> Brief
Could you please reproduce all the records below exactly, leaving out the images?
----- Provided records
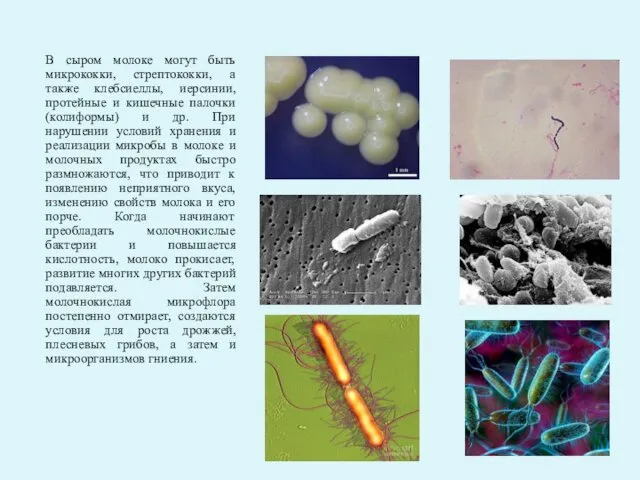 В сыром молоке могут быть микрококки, стрептококки, а также клебсиеллы,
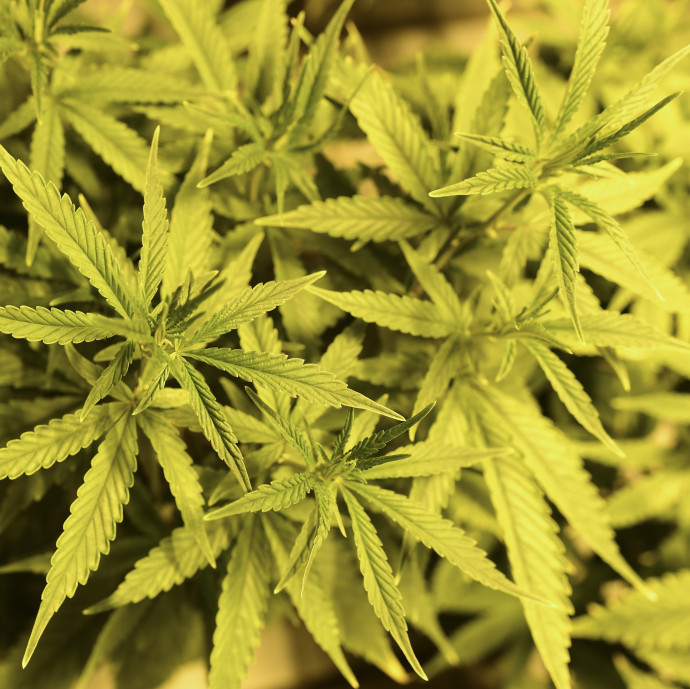 Cement helyett kannabiszt használnak, hogy környezetbarátabb legyen az útépítés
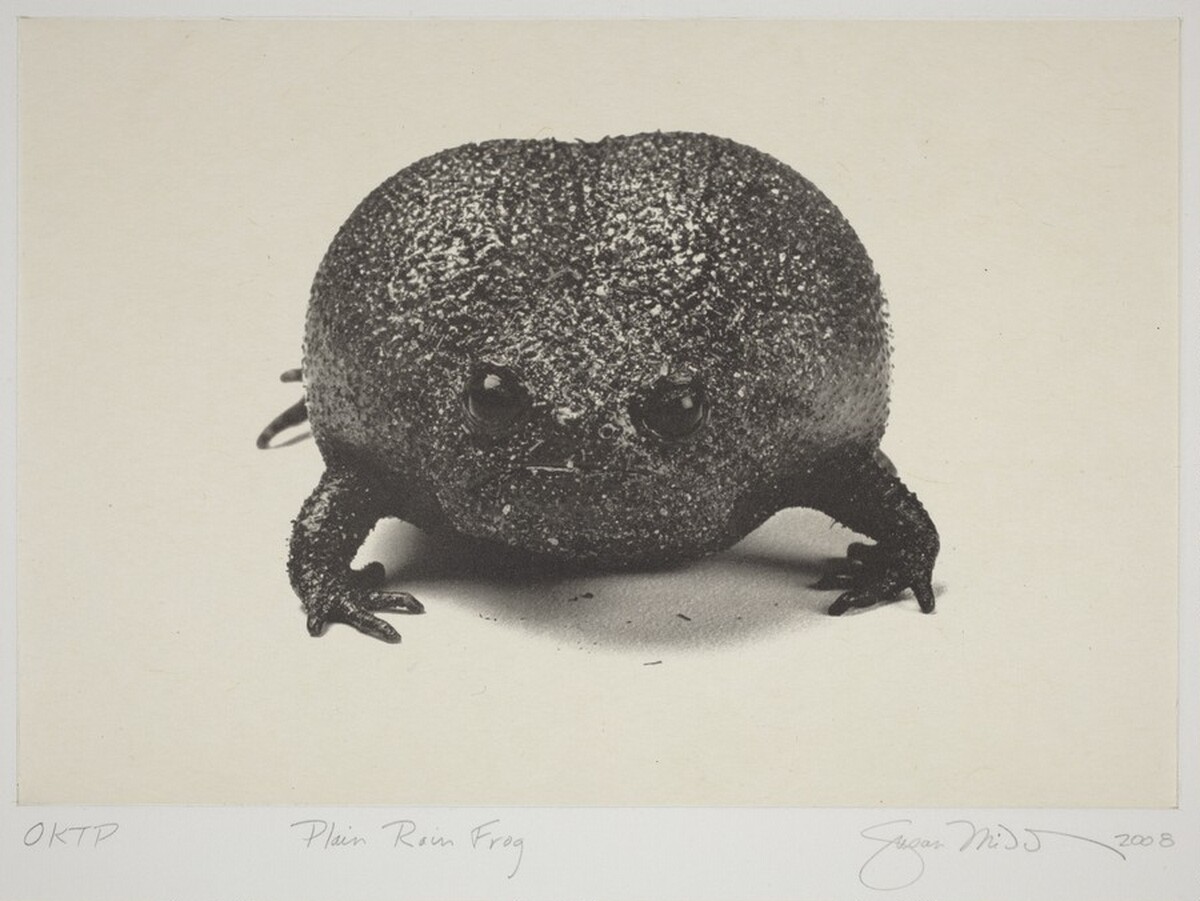 Plain Rain Frog by Susan Middleton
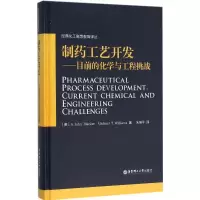 11制药工艺开发:目前的化学与工程挑战978756284438922
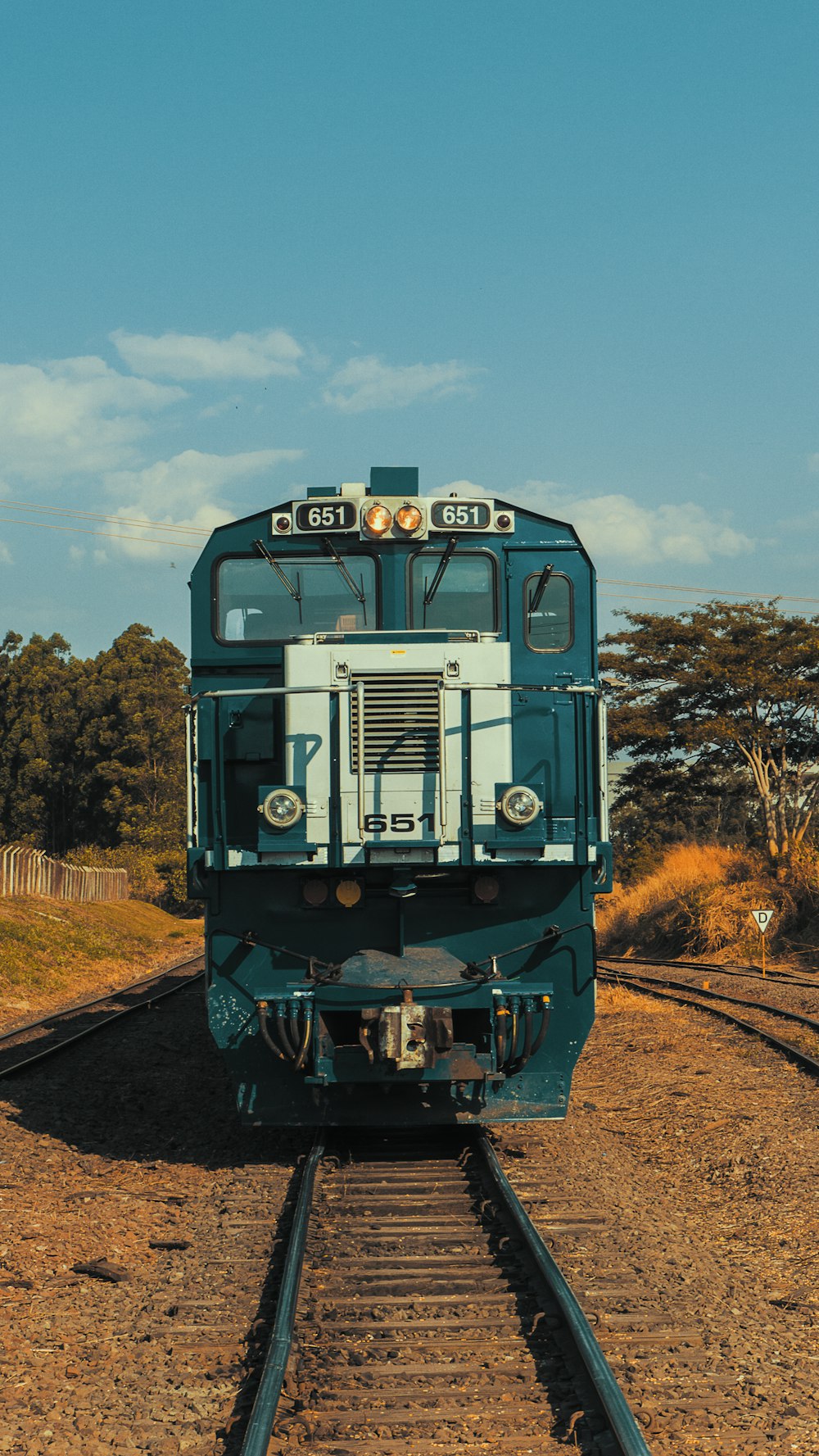 blue and white train on railroad during day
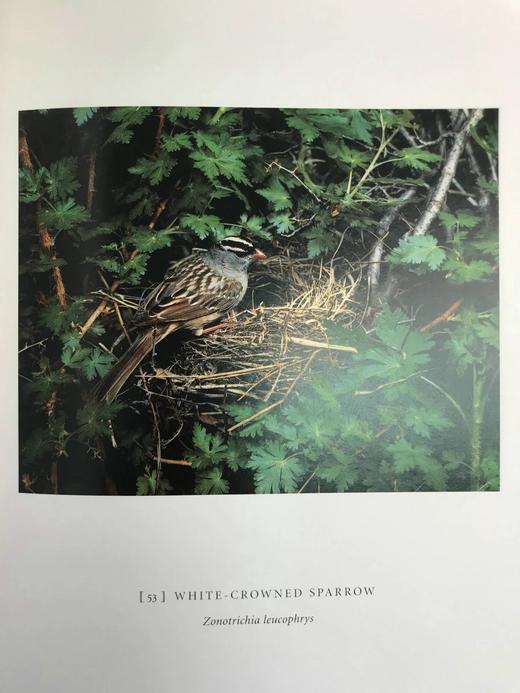 消失的鸣禽 126幅彩色插图 精装大16开 商品图9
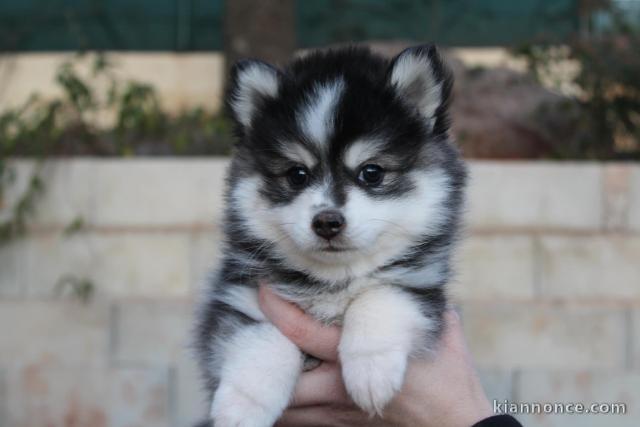 chiots pomsky a Donner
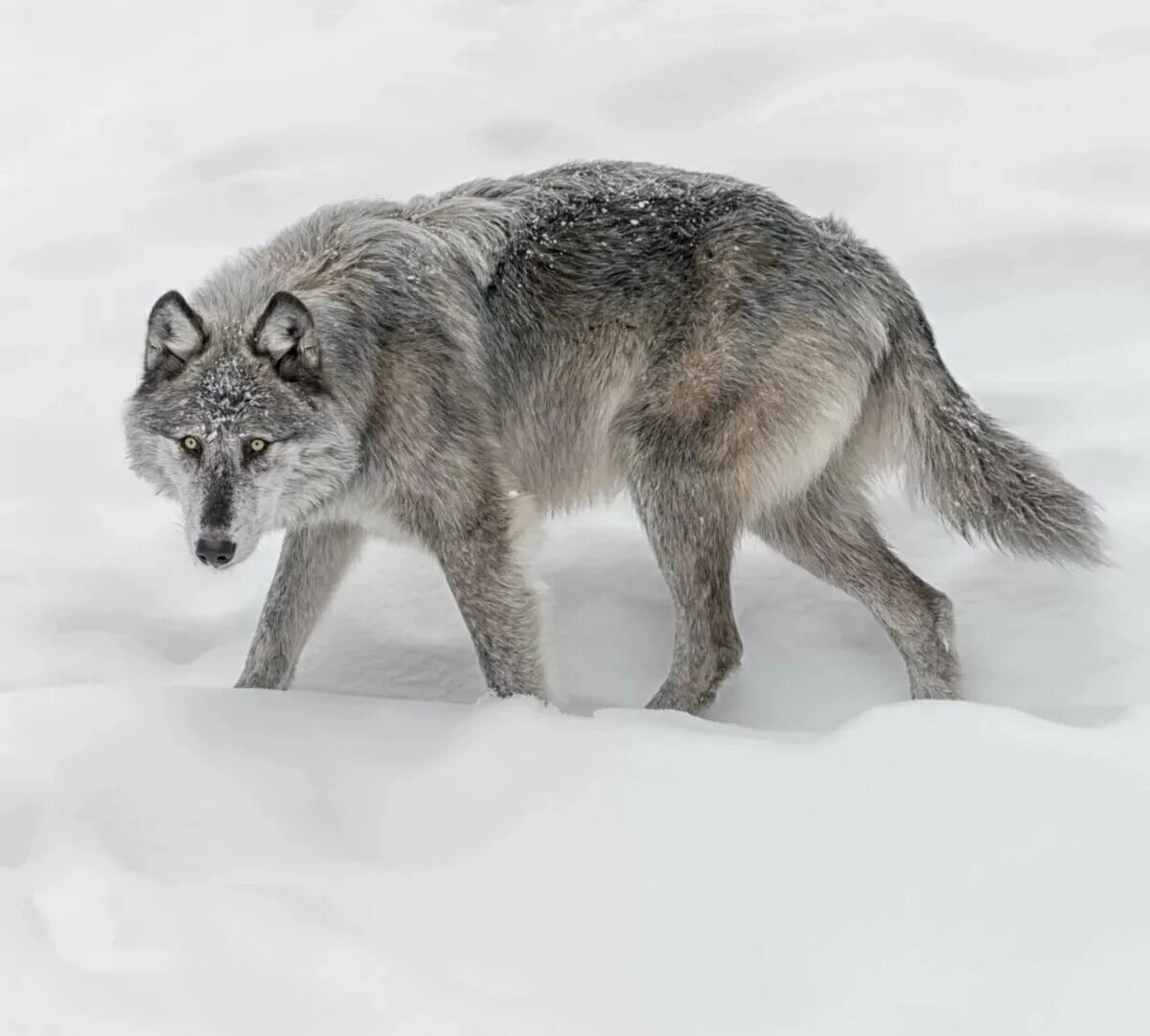 Волк серый. Сибирский волк.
----------
> Output for this task
 В сыром молоке могут быть микрококки, стрептококки, а также клебсиеллы,
 Cement helyett kannabiszt használnak, hogy környezetbarátabb legyen az útépítés
 Plain Rain Frog by Susan Middleton
 11制药工艺开发:目前的化学与工程挑战978756284438922
 blue and white train on railroad during day
 消失的鸣禽 126幅彩色插图 精装大16开 商品图9
 chiots pomsky a Donner
 Волк серый. Сибирский волк.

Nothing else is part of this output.